The United States on Friday denounced China's treatment of its Uighur Muslims in unusually strong terms, adding to a growing list of disputes in increasingly turbulent relations between the two powers.
Secretary of State Mike Pompeo voiced alarm after a United Nations report described the mass internment of Uighurs under the pretext of preventing extremism in the western Xinjiang region where the minority group is concentrated.
"Hundreds of thousands and possibly millions of Uighurs are held against their will in so-called re-education camps where they're forced to endure severe political indoctrination and other awful abuses," Pompeo said in a speech on the state of religious freedom around the world.
"Their religious beliefs are decimated," Pompeo said.
In a letter to Pompeo and Treasury Secretary Steve Mnuchin, both Republican and Democratic members of Congress late last month called for sanctions on Chinese officials implicated in the internment of Uighurs.

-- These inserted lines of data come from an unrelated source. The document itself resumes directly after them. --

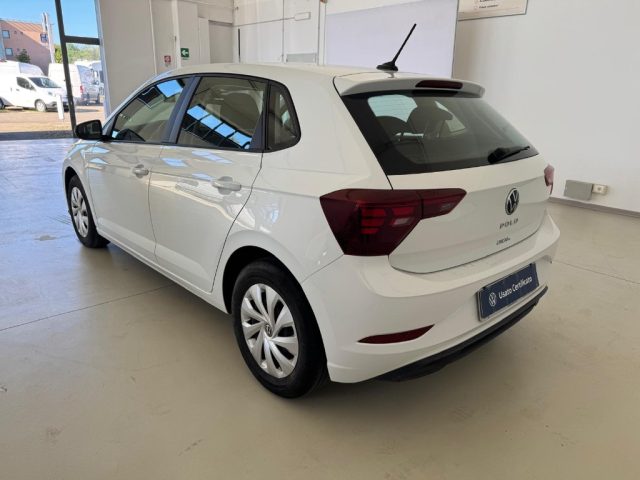 VOLKSWAGEN Polo usata, con Alzacristalli elettrici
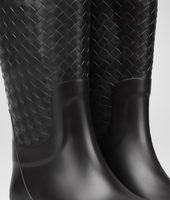 Bottega Veneta® Gummistiefel Nero Bottega Veneta® Gummistiefel Nero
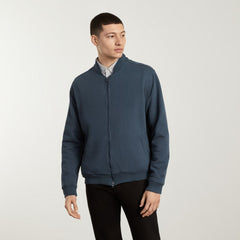 mens-track-bomber-jacket-kingfisher-blue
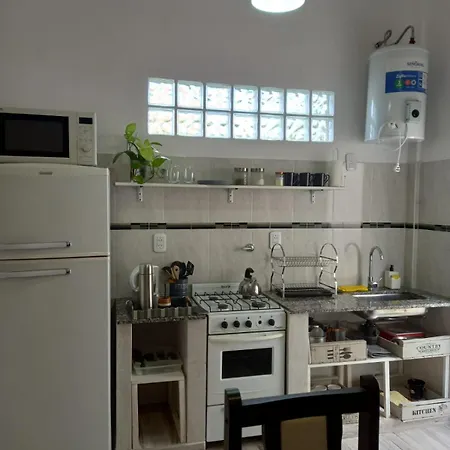 Portal Del Sur Apartment San Nicolás de los Arroyos Exterior photo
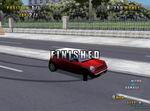 London Racer 2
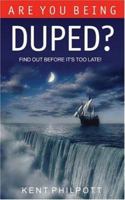 Are You Being Duped? 0852345577 Book Cover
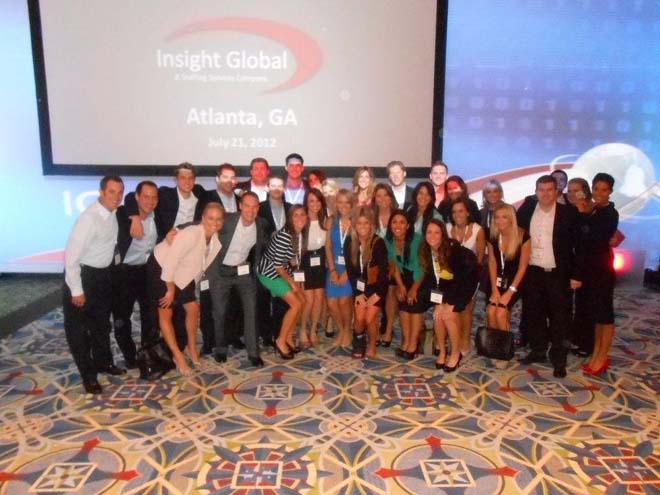 Các hãng công nghệ áp đảo TOP 20 công ty có môi trường làm việc tốt nhất - 2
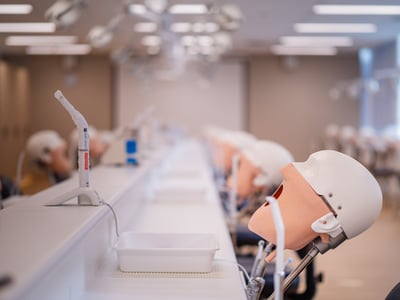 AUT Oral Health Training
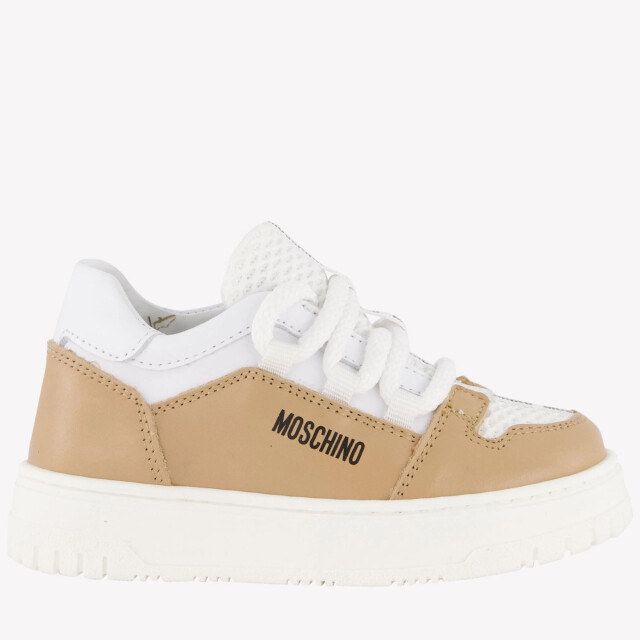 Moschino Unisex sneakers in 2016604016321 large Moschino Unisex sneakers in 2016604016321 large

Pompeo did not say whether the United States would take punitive measures.
Even so, the remarks were striking for their tone, with President Donald Trump's administration putting human rights on the back seat in relations with allies such as Egypt and Saudi Arabia.
The Trump administration itself has faced criticism at home and abroad for its stance on Muslims, with the president as a candidate calling for a complete ban on Muslims entering the United States and, soon after taking office, barring entry to citizens of several Muslim-majority countries.
Pompeo also expressed concern about the fate of Christians in China, who he said had been targeted in a government crackdown.
The government, he said, has been "closing churches, burning Bibles and ordering followers to sign papers renouncing their faith."
- CHINA DEFENDS TREATMENT -
In an interview earlier in the week, Pompeo had described China as a greater threat to the United States than Russia, saying that Beijing was a "non-transparent government."
"It treats our intellectual property horribly, it treats its religious minorities horribly," he told Fox News.
China has rejected the findings of the UN Committee on the Elimination of Racial Discrimination.
Chinese foreign ministry spokeswoman Hua Chunying said last month that the report was "based on so-called information that is yet to be verified and has no factual basis."
Hua added that China was doing what was needed to combat extremism and terrorism on its western frontier.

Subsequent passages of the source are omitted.